What is required
Within the listing below, give again exactly the lines between the one containing "花梨木图片(黄花梨与海南黄花梨花纹图谱) - 赤虎壹号" and the one containing "150 Arlington Avenue, Ottawa, ON", inclusive, pictures left aside.

━━━━━ Supplied material ━━━━━

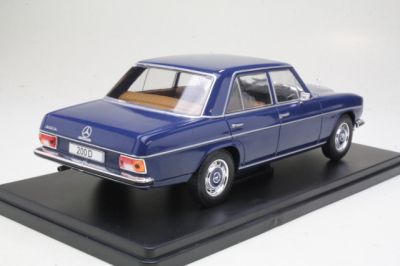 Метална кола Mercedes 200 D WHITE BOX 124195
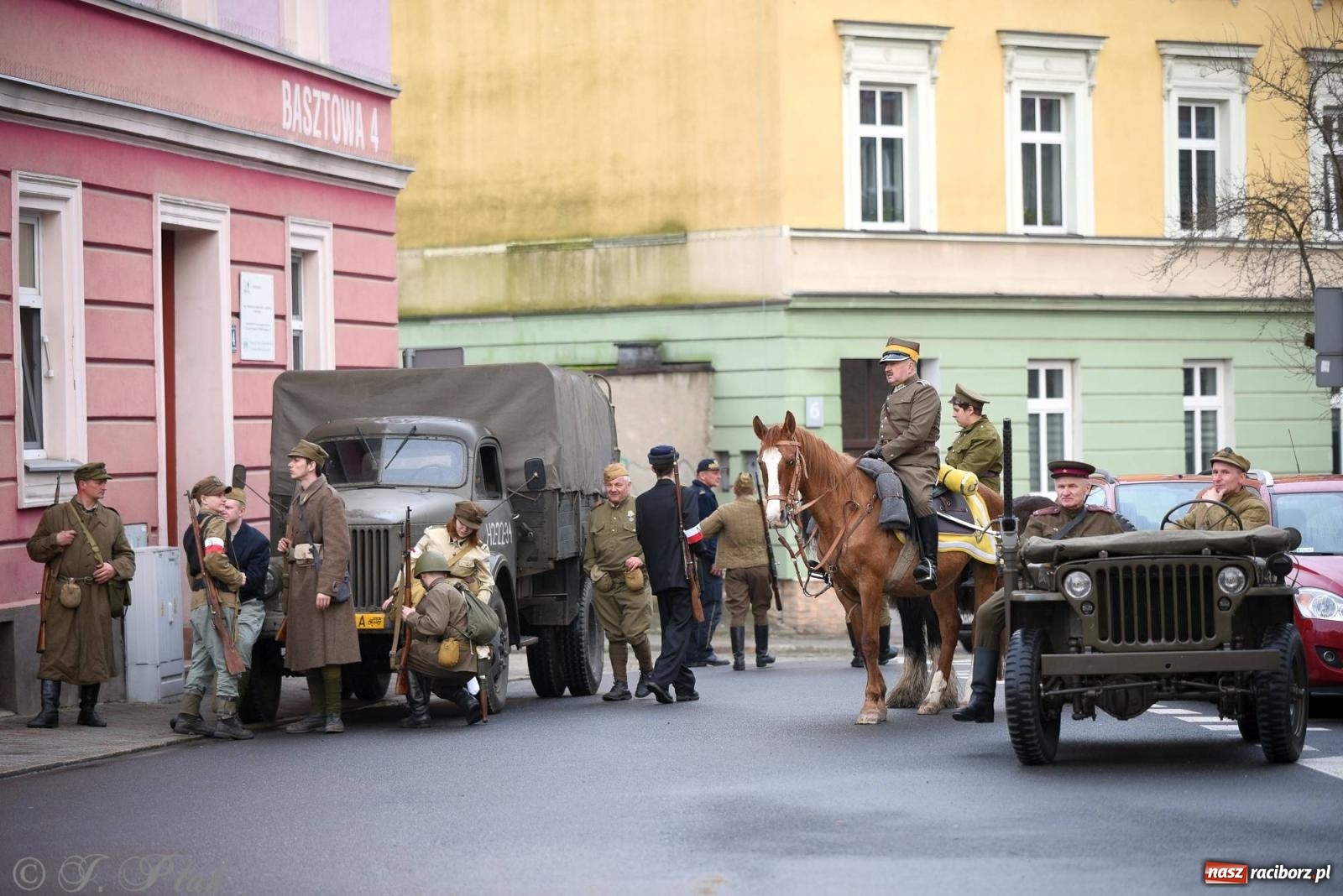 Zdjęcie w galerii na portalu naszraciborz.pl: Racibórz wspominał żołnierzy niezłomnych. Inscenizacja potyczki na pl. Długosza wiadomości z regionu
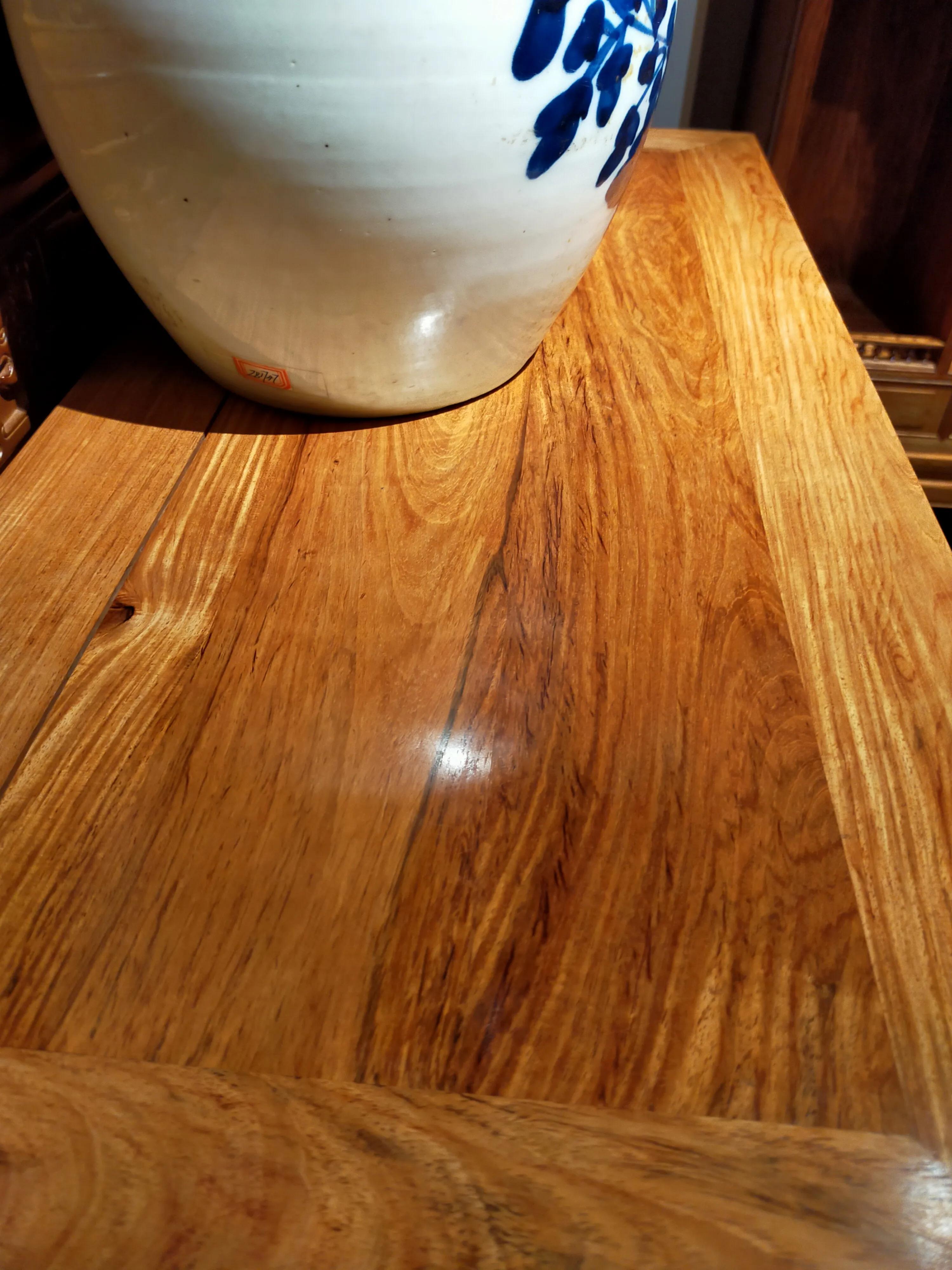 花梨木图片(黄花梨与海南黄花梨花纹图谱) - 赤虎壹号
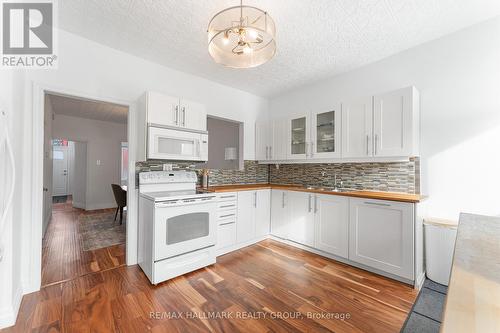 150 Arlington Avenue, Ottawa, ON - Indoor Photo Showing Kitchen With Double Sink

━━━━━
━━━━━ Supplied material ━━━━━

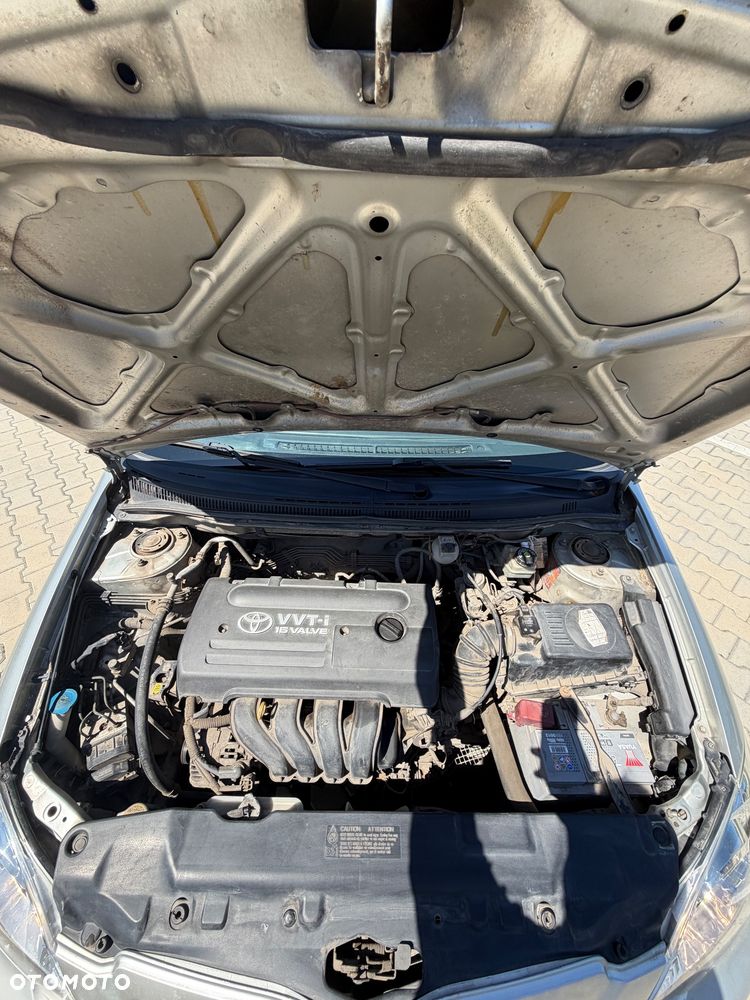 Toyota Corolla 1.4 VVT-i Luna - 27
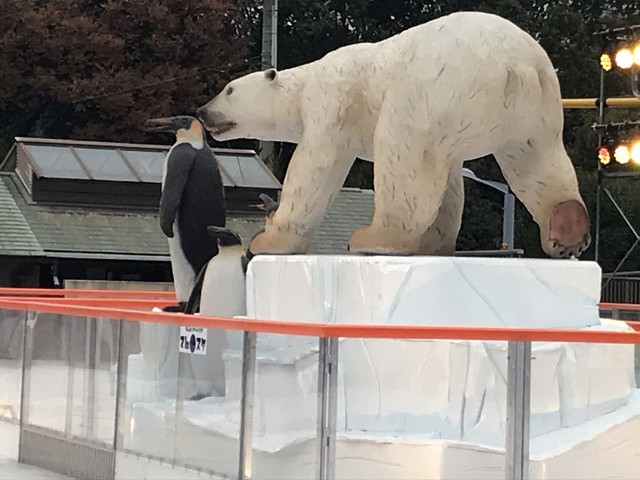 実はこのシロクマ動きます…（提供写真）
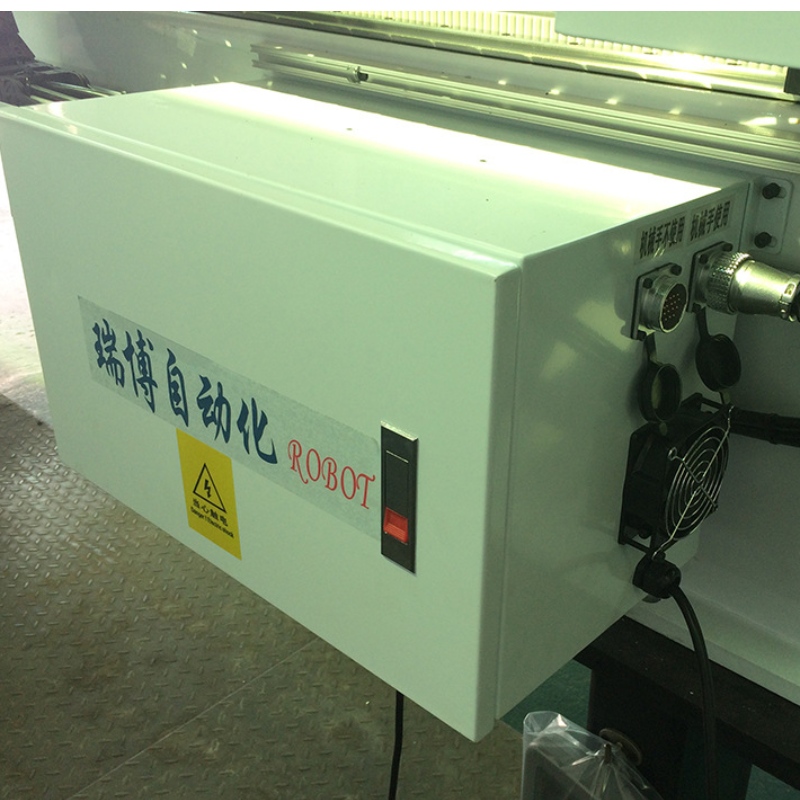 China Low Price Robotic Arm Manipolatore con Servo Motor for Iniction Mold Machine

━━━━━

Result of the exercise
 花梨木图片(黄花梨与海南黄花梨花纹图谱) - 赤虎壹号
 150 Arlington Avenue, Ottawa, ON - Indoor Photo Showing Kitchen With Double Sink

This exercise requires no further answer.